How to apply for Grant of Probate or Letter of Administration in Malaysia
How to apply for Grant of Probate or Letter of Administration in Malaysia?
Upon the passing of our loved one and as soon as the death certificate is extracted from the Registration Department of Births and Deaths, most of the deceased’s assets are frozen up indefinitely.
Put in other words, the deceased’s assets such as the immovable properties, the monies in the bank accounts and vehicles etc. cannot be transferred to the respective heirs until the executor or the administrator procure the “key” to unfreeze it.
The “key” in this context means either the Grant of Probate (GP) or the Letter of Administration (LA). Probate is granted when there is a valid will and a proving executor. A proving executor means that the executor nominated in the will is able, willing and has the capacity to carry out the administration of the estate.
Application of Grant of Probate (With A Valid Will)

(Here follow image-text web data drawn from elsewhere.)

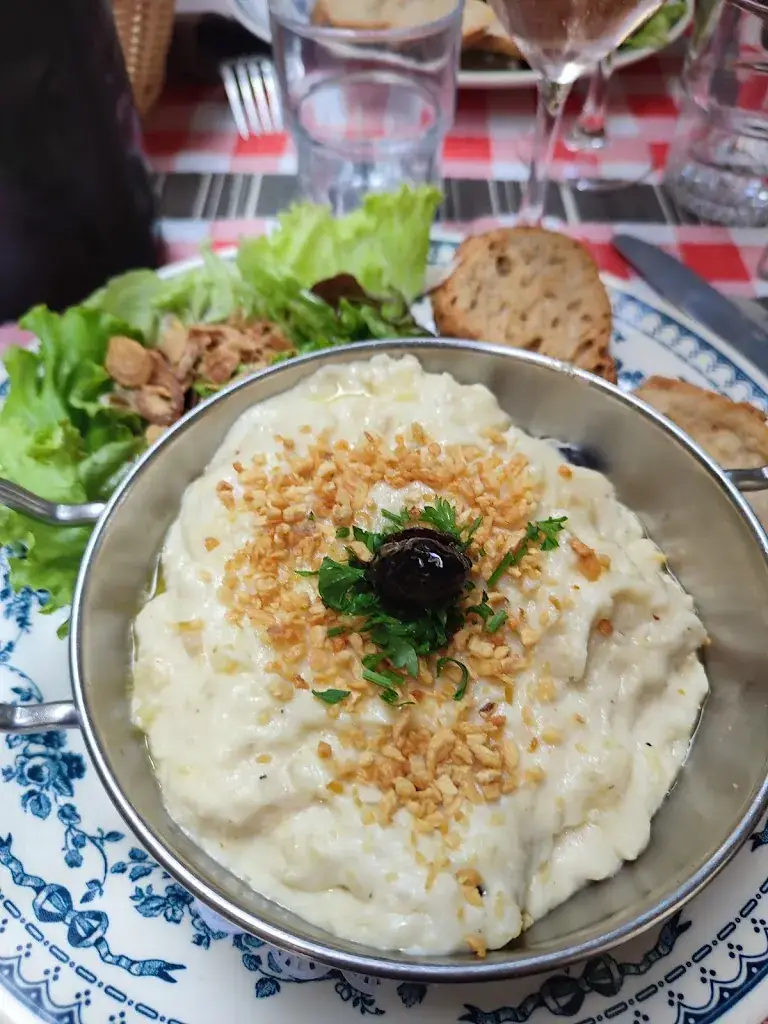 Menu_La Fille des Vignes_Uzès_image_7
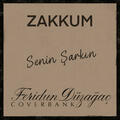 Zakkum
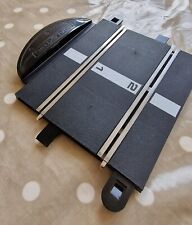 Scalextric c8545 analogue for sale  PLYMOUTH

The application for GP will be made to the High Court and the entire process will generally take about 3 to 6 months depending on the size of the estate. Once the probate is granted and extracted, the executor can collect all the deceased’s assets into his possession to first settle all the deceased’s debts and liabilities.
Upon settlement of all the debts and liabilities, the executor shall then distribute the remainder of the estate to the beneficiaries named in the Will in accordance with the terms of the Will. The executor must prepare a complete account of all assets that came into his possession and keep the account after distribution for future reference.

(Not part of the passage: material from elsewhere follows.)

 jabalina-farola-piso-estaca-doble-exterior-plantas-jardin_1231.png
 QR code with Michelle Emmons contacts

Application of Letter of Administration (Without A Valid Will)
On the other hand, the application for LA applies when the deceased dies without a Will or when the deceased leaves behind a Will but no proving executor. This process is both lengthy and costly if compared to the application for GP. It will normally take about 6 months to 2 years +. The application for LA must be filed together with the death certificate, the particulars of the applicant, the list of assets and liabilities of the deceased, the list of beneficiaries and the existence of minor interest (if any).

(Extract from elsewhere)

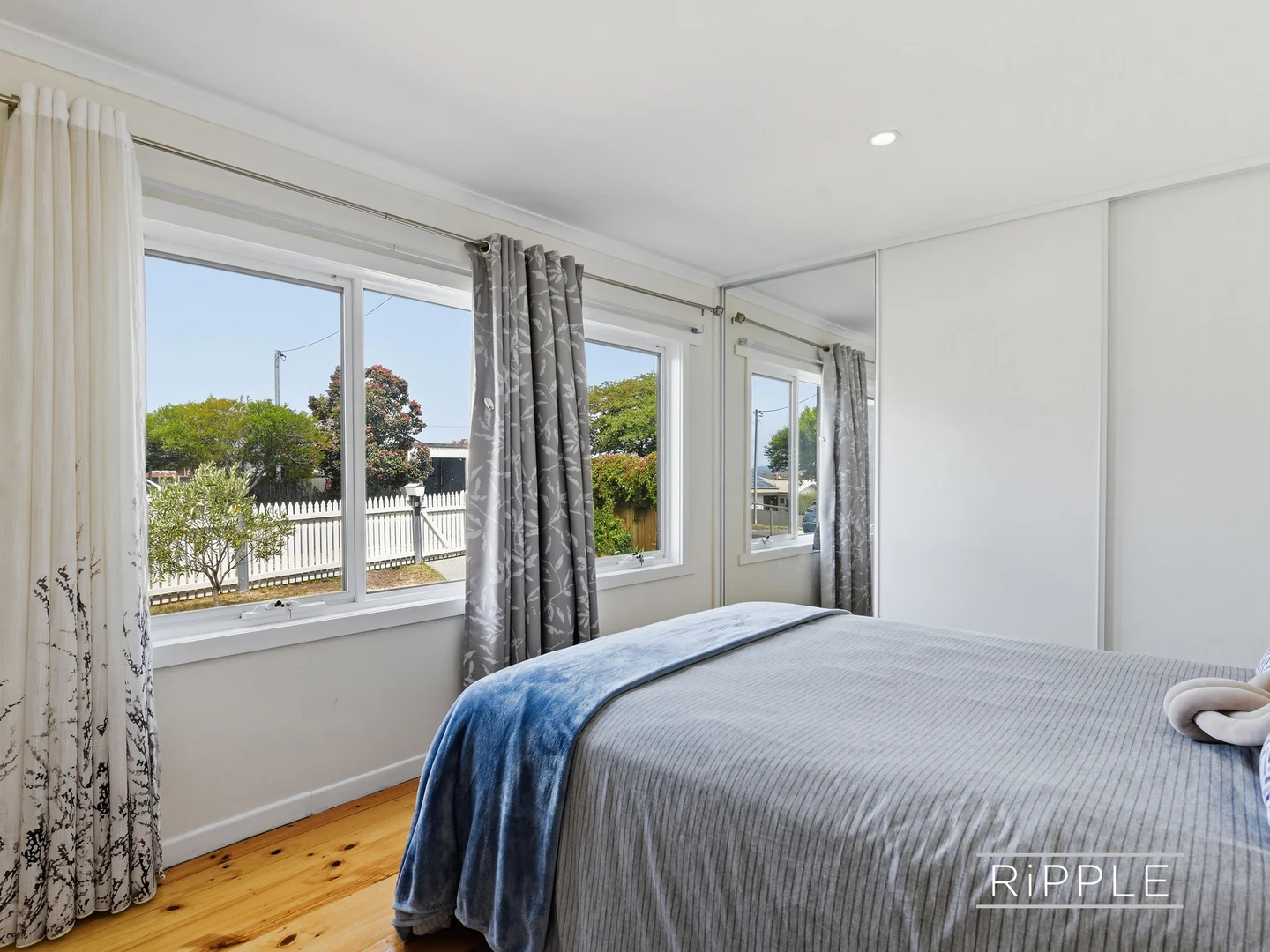 Additional image 16 of 5 View Street, Midway Point TAS 7171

Further, only applies in the case of LA, in the event the value of the estate exceeds RM50,000.00, the applicant is required to provide two sureties who have assets within the jurisdiction equivalent to the amount of the deceased’s estate (the sureties must also be residents in Malaysia) as security for the due administration of the estate, unless the court makes an order for dispensation.
Having extracted the LA, the administration of the estate can seek to transmit all the deceased’s assets to his possession to first settle all the deceased’s debts and liabilities. Upon settlement of debts of the estate, the administrator has to distribute the remainder of the estate to the beneficiaries pursuant to the Distribution Act 1958. Thereafter, the administrator is required to apply to the High Court for the confirmation on the distribution. As such, a complete and detailed account of the distribution has to be prepared by the administrator.